- _Materials provided_:
━━━━━━━━━━━━━━━━━━━━━━━━━━━━━━

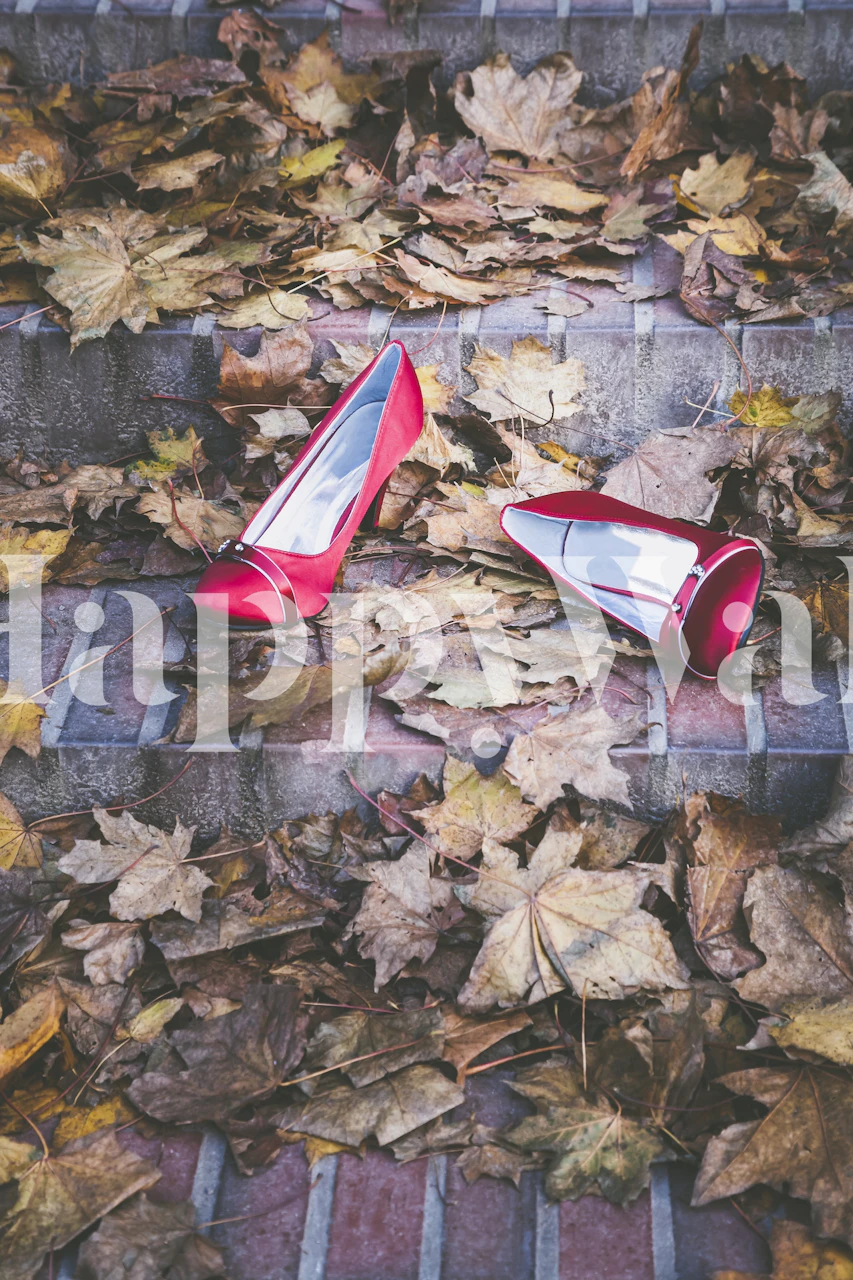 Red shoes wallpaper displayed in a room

━━━━━━━━━━━━━━━━━━━━━━━━━━━━━━

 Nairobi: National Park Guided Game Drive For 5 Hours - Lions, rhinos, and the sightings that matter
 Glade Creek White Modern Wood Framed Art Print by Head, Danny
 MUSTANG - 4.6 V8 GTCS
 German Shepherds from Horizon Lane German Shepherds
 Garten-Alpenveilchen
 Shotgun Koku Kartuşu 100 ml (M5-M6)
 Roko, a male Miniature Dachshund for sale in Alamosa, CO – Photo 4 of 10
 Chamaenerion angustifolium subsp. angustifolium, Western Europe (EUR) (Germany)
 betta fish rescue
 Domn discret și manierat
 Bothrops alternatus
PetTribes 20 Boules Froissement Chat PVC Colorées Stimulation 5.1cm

━━━━━━━━━━━━━━━━━━━━━━━━━━━━━━

- _Problem to solve_:
In the entries above, find the line with "betta fish rescue" and the line with "PetTribes 20 Boules", then set down exactly those two and every line between them, nothing else.

- _Written solution_:
 betta fish rescue
 Domn discret și manierat
 Bothrops alternatus
PetTribes 20 Boules Froissement Chat PVC Colorées Stimulation 5.1cm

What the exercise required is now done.